Hacker News new | ask | show | jobs
by eulers_secret 579 days ago
I got hired by directly applying via a company's website; it was my 11th application and my first that wasn't a moonshot (nvda/valve/etc). It was in late 2023 (very bad market), and I didn't have any connections to the company at all. I also have no online presence. Online applications are not fully dead.

Of course this is just my experience as a senior engineer in embedded, so likely doesn't apply to others. But if you're looking, it's worth your time to apply...

1 comments

I have a suspicion that your experience is representative of a general attitude in embedded engineering compared to other software disciplines. Embedded engineers usually still keep to proper part numbering, testing before shipping and working with greater platform limitations, all virtuous activities that are harder to find in other fields. I like to think this culture bleeds into other parts of the business such as implementing reasonable hiring processes!
I'd chalk it up to embedded not being a field you can hop into after a 4 month boot camp without prior Computer Engineering education. Of course, there are exceptional people who manage to do that, but they aren't the norm

<Warning - rant ahead>

Contrast that to the overglorified code monkeying that is present-day software development... You got react monkeys hard-coding every single width and height for every button and div in a webapp... And they get paid for it... And then someone like me will have to clean up this shit and explain to the client why the billion features he wants won't be ready in 3 months.....
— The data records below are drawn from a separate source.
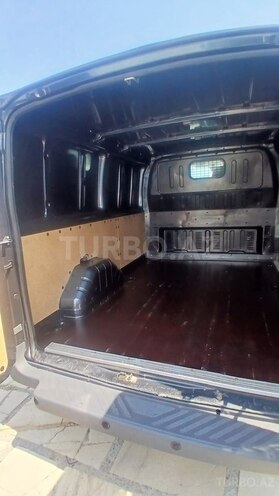 Ford Transit-10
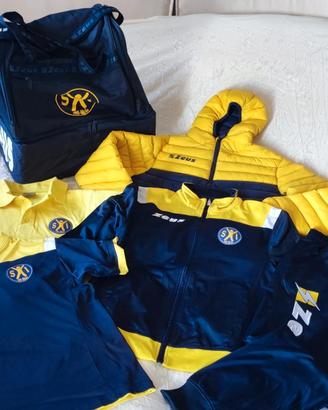 Abbigliamento: tuta, polo/maglietta borsa calcio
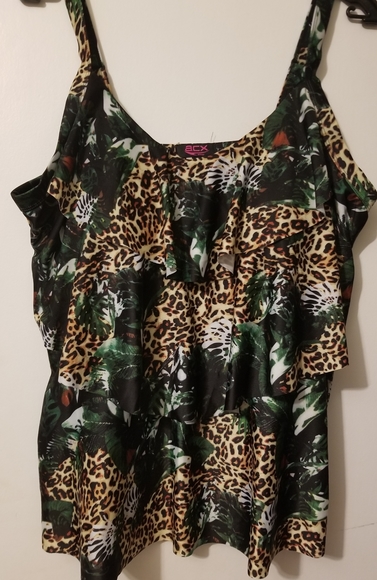 SIZE 1X TANKINI TOP - Picture 3 of 6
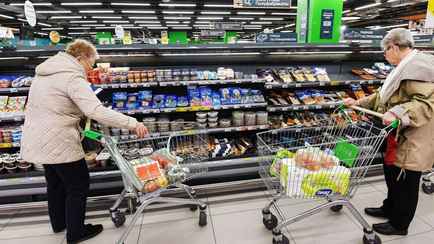 До 60%. Белорусские магазины обрушили цены на кальмары, консервы, курицу, фрукты. Где «душевная распродажа»?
Then you have AWS monkeys coding everything in lambas and amplify, instead of "if conditions" you got "Step functions" and instead of a function you got a lamda, and instead of async/await you got SQS queues and shit.

</Rant>

As a result, legit Engineers/excellent developers resumes get swallowed up in the raging ocean of noise, and a ton of those noise-resumes aren't distinguishable from legit-resumes due to resume generators being dime a dozen.